Globus itself is an open platform developed and managed by the University of Chicago for data sharing among many different institutions. It provides a federated toolset for sharing and accessing data and conducting efficient point-to-point data movement between arbitrary endpoints. We have additional general use information on Globus in another documentation page that can be found here.

Steps to Downloading Data with Globus from https://data.lib.vt.edu/

Here is an overview of the steps needed to download large research datasets from https://data.lib.vt.edu/. Each step is explained in more detail in its associated section below.

  1. Establish a destination endpoint for the data to be transfered to (Globus Connect Personal for a personal computer OR another existing Globus institutional subscription endpoint)

  2. Navigate to the “Virginia Tech Data Repository - Libraries” collection on https://globus.org/

  3. Select the correct path for the data (left panel) and the correct location you would like the data to be transferred to (e.g.

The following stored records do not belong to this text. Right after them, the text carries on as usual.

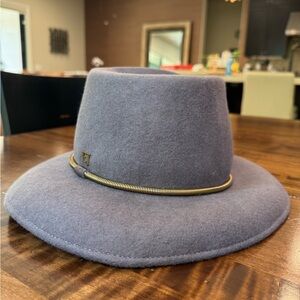 Eric Javits Grayish Blue Fedora with Gold Accent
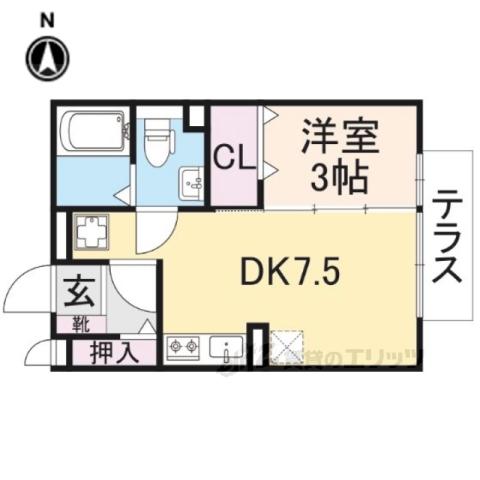 HEIGHTS PURE(1DK/1階)の間取り写真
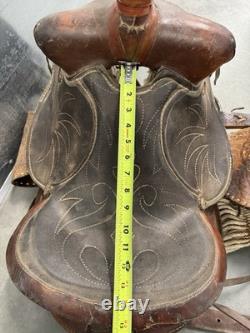 Western Saddle 16 Seat Vintage Tooled Leather Brown with Stirrups & Cinch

Globus connect personal)

If you have been provided the Globus Guest Collection link from the research paper page on https://data.lib.vt.edu/, you may use that link to bring you directly to step 3. You must make sure that you have a Globus account and have either downloaded Globus Connect Personal (for you local computer) or have another Globus endpoint for the data to be pulled to.

Step 1: Create an Endpoint for the data to be transferred to

Any time you are downloading data, you need a source and a destination. This is the same for Globus Collections. The source is the Globus Guest Collection and the destination is up to the person dowloading the data. You have two different options:

  1. Globus Connect Personal (GCP)

  2. Globus Subscription Endpoint

Globus Connect Personal is an application that must be installed on your computer. Please follow their documentation to install GCP. Detailed information on using GCP is available on the Globus website: (1) for command-line instructions, see GCP Via Command Line, or (2) for UI-based instructions, see GCP Via UI.

When installing GCP, please think about the name you give your GCP instance because that name will show up in your “Collections.” You can then browse, upload, download, and coordinate transfers among other collections in the Globus web application.

Globus Subscription Endpoint: If you already have access to a globus subscription endpoint, you may use this to transfer the data from Virginia Tech to this endpoint. No further steps have to be taken until you would like to create a new folder for the data to be transfer into.

Step 2: Navigate to the “Virginia Tech Data Repository - Libraries” collection

Once you have an endpoint for the data, you need to navigate to the collection “Virginia Tech Data Repository - Libraries” through the collections tab in the left panel on Globus.org. Once the collection is located, open the “File Manager” to start a transfer.

The screen recording below shows the steps to navigate to this collection and open the file manager to start the transfer:

Step 3: Select the path of the data and the desintation and start the transfer

You will have to select which folder in your own endpoint (GCP or Globus subscription) that you would like the data to be transferred to and specify the path to the data in the Virginia Tech Data Repository. When you are in the “Transfer” window, there should be two panels. One will be the guest collection and the other will be your endpoint. In this screen recording below, the guest collection is on the right and the Globus Connect Personal is on the left (named test-gcp in this example).

In the “Path” field, you will put the path to the data and then start the transfer. Please reference the screen recording to see a transfer from the guest collection into a GCP named test-gcp.

The video also shows how you can track the progess of the transfer using the “Activity” tab in the left side bar.